On one arm, they wrote in ink the words, “Go Home.” On the other, they wrote “Illegal.” On the back of a leg, they wrote “wetback.” When she protested that they were hurting her, the men scraped her arms and leg with a knife, she said.
By the time she reported it to police, she had washed away the writing. But on Tuesday, she still had scabs on her arms and a slight bruise on the side of her face.
“It’s disgusting, it’s horrible,” Polanco said. “To have someone like Irma experience this because of her beliefs and her statements, it’s crazy, it’s bizarre.”
The veteran assemblyman summoned UC Davis Police Chief Calvin Handy to the Capitol on Tuesday to discuss the investigation and ensure that it is being taken seriously. In an interview Tuesday, Handy said investigators view Munoz’s report as “extremely real.”
“We have focused all the resources we can on this report,” Handy said. “We’re taking the report from Irma seriously. There is no reason not to believe it.”
Campus police intend to post notices on the campus today asking for help in the investigation. So far, they have found no witnesses to the attack, said Mike Miller, assistant police chief at UC Davis. Other Latino students have begun escorting Munoz and have planned a rally today on the campus, 15 miles west of Sacramento.

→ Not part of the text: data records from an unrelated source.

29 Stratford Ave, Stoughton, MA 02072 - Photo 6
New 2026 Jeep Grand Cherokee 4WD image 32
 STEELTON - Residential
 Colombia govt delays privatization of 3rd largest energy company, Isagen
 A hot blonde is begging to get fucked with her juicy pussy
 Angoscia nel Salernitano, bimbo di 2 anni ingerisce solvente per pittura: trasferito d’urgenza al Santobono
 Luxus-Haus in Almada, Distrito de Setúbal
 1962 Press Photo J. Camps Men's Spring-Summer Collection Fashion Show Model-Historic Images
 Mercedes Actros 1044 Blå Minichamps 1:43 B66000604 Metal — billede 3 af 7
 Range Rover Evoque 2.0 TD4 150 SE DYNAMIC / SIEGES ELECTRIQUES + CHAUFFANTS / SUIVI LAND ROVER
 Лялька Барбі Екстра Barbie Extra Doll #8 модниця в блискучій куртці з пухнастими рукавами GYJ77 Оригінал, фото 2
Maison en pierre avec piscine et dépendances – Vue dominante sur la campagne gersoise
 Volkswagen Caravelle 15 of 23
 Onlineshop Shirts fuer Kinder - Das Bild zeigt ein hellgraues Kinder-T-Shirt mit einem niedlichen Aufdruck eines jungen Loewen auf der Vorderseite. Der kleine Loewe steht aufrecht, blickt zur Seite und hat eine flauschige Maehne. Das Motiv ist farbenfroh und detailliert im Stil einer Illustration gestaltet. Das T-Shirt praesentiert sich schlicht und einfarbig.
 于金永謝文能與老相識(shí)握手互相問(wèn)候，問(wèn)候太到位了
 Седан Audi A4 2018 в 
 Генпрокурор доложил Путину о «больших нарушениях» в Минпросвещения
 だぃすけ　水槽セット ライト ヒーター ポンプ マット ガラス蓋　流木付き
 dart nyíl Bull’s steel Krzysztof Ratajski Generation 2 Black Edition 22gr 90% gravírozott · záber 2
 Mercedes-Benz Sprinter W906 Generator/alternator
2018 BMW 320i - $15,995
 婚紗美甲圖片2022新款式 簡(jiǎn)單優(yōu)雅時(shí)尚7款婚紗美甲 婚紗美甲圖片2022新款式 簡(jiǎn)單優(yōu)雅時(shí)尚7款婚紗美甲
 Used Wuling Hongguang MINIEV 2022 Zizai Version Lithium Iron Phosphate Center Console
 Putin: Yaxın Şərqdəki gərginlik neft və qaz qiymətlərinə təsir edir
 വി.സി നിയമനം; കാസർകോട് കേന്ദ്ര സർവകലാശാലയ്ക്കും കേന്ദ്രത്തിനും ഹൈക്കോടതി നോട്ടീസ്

“I’m not blowing this off at all,” said Detective Jerry Everett of the State Police, who is investigating the threat against Polanco and spent more than two hours questioning Munoz.
In the interview, Munoz said the attack occurred about 9 p.m. last Wednesday as she walked toward her apartment from the UC Davis library. She had decided to study at the library instead of her home because earlier in the evening she had several crank messages on her telephone answering machine.
For the past three weeks, she said, she had been receiving threatening notes but had thrown them away.
She described the attackers as in their mid-20s. One was Anglo and the other was Asian. At one point, she said, they warned that if she told of the incident, they’d “ ‘kill you and all your wetback friends, including that . . . Polanco.’ ”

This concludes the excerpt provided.